Normon Connors, 1974
Years ago, in Chicago, I frequented a pool hall. I didn't play, but they did have an exceptional jukebox. It was one of those CD-varieties, so for a couple of dollars I could cue up all four songs of Herbie Hancock's Headhunters while I drank my beer. It was my first experience with Hancock's work outside of Miles Davis. It didn't take long before I was obsessing about his Sextant-era band, but they only made three (albeit phenomenal) albums. Somehow, it's I only recently realized how much that group, sometimes called the Mwandishi band, did in the small span of a few years in the early 70s.
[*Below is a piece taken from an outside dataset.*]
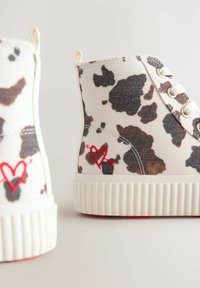 Canvas enkelboots in het wit met een zwart en bruin koeienprint, voorzien van een rood geborduurd hartdetail en een gestructureerde witte rubberen zool.
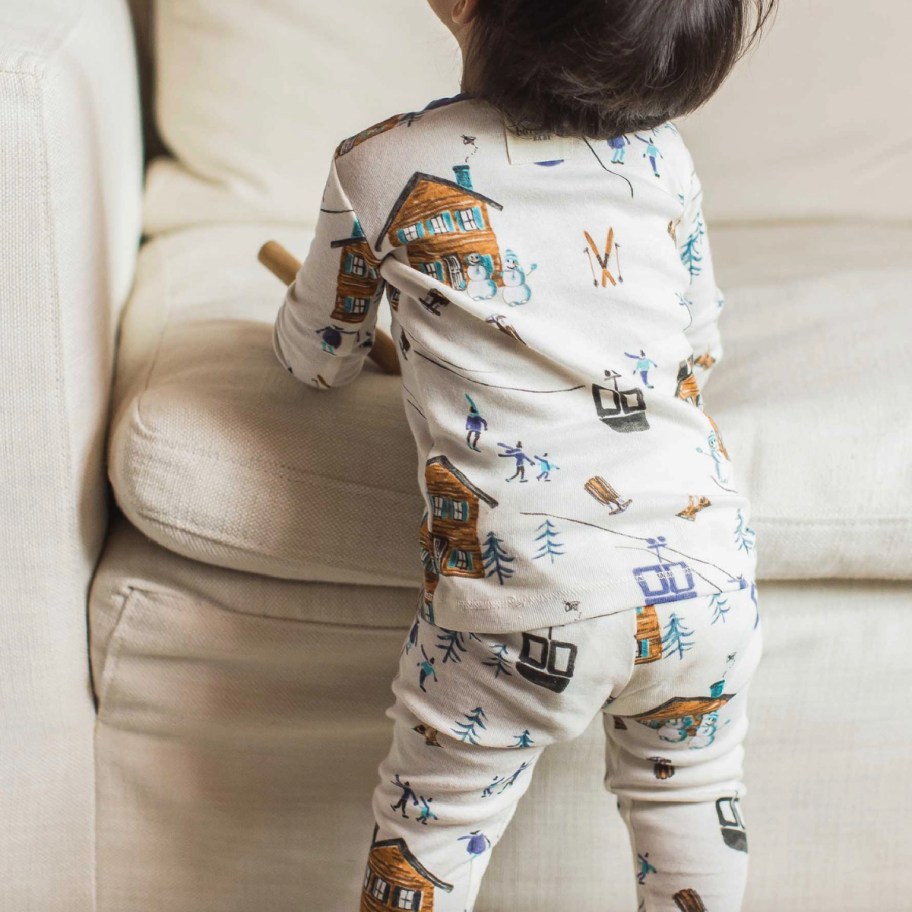 baby standing near couch in winter jammies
Each of the members had a couple-few solo albums and they appeared in clusters on other, like-minded albums as well, like Dance of Magic, by Norman Connors.
Drummer Connors' debut as a leader is stacked with talent. Featuring none other than Herbie Hancock on keyboards, he brought Eddie Henderson and Billy Hart along, playing trumpet and percussion. Future fusion star Stanley Clarke plays bass, doubling up with Cecil McBee on the first side. While Dance of Magic may not reach for the same depth of abstraction, it does drive in the same advanced, atmospheric grooves the Sextant band pioneered. Connors expands the Mwandishi legacy, adding different shades to my collection.